■ **What you need to do**:
Give back exactly the lines of the data below, starting with the line that has "Cotton and Lace Thong Panties" and going on through the line that has "Illustration of harvested".

■ **Extracted information**:
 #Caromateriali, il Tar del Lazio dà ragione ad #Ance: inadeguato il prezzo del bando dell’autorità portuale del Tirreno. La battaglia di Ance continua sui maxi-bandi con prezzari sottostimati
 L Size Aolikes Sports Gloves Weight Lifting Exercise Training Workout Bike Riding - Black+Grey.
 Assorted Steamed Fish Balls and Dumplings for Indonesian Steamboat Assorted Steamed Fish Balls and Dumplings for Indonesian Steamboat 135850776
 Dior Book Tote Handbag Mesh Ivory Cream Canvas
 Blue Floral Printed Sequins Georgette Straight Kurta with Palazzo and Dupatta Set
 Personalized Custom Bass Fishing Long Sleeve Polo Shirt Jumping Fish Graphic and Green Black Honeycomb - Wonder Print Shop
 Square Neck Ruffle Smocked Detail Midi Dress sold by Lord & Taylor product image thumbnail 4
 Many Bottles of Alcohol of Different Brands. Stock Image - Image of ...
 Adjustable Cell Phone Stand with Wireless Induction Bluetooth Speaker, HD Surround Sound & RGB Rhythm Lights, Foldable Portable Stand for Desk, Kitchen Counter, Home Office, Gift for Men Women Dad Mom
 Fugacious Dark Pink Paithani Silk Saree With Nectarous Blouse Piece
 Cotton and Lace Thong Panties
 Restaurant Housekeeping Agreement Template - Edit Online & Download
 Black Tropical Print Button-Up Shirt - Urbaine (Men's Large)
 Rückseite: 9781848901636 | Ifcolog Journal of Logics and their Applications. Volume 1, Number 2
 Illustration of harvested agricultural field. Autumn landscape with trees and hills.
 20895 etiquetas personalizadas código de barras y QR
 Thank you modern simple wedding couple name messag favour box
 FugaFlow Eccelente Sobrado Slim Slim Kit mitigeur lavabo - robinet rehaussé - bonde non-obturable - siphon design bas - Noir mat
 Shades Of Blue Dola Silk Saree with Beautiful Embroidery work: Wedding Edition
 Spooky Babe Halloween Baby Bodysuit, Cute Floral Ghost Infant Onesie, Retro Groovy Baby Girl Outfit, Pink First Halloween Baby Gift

■ **Solution to the problem**:
 Cotton and Lace Thong Panties
 Restaurant Housekeeping Agreement Template - Edit Online & Download
 Black Tropical Print Button-Up Shirt - Urbaine (Men's Large)
 Rückseite: 9781848901636 | Ifcolog Journal of Logics and their Applications. Volume 1, Number 2
 Illustration of harvested agricultural field. Autumn landscape with trees and hills.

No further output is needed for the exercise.